DLP in MWG consists from 2 filters:
- DLP using predefined set of DLP classifications
- DLP using user-defined set of words & patterns (regexes)
Each filters is controlled by corresponding Settings, so before use, you need to go to Settings tab, and create new settings (both settings have common options described below):
- To use DLP classifications, you need to create corresponding Settings, and select needed DLP Classifications from tree view
- To use DLP dictionaries, you need to create corresponding Settings, and enter several words or patterns that you want to look in text
Common options in Settings:
- Tracking policy: Maximum - DLP filter will search for all terms, even when threshold will already reached. Minimum - stop searching if threshould reached
- Reported content width - how much text around match should be shown in results. The match itself in square brackets (for example, '[ test ]'), but using text around, you can find where it's in the text
- Context list size - how much matches will be reported back. If text will contain more matches than specified - they will be counted against threshold, but won't be shown
Both DLP filters are used similar way - you need to create rule like 'DLP.Classification.BodyText.Matched equals True' or 'DLP.Dictionary.BodyText.Matched equals True' and specify which settings you want to use. When this rule will be evaluated to 'true', then you can use properties like DLP.Classification.BodyText.MatchedClassifications or DLP.Classification.BodyText.MatchedTerms to log the list of classifications and/or terms that were found in text that was extracted from current body (document, etc.). For dictionaries, there is DLP.Dictionary.BodyText.MatchedTerms property that returns information about terms that were found in your text.

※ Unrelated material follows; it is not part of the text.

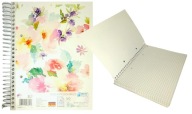 A5/160 United Office grid notebook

Besides DLP properties that works with text, extracted from current body (they have BodyText in their names), there is als another set of properties with 'AnyText' in the name - these properties has similar functionality, but can be used with any text, for example you can combine Body.Text with values of some headers, etc.
You can import examples of rules for DLP from MWG's Rule Library, but if you want to check only uploaded documents, then you need to disable DLP for response cycle (default rules consists from 2 rulesets - for requests & for responses).
I hope, that this will help you. If something isn't clear, I'll try to answer to your questions.
I did some tries. The attached rule works for a text, word and excel file.
But not for a PDF File.
Here an example of the pdf file properties which I try to analyze:
So do you have an idea how that could work?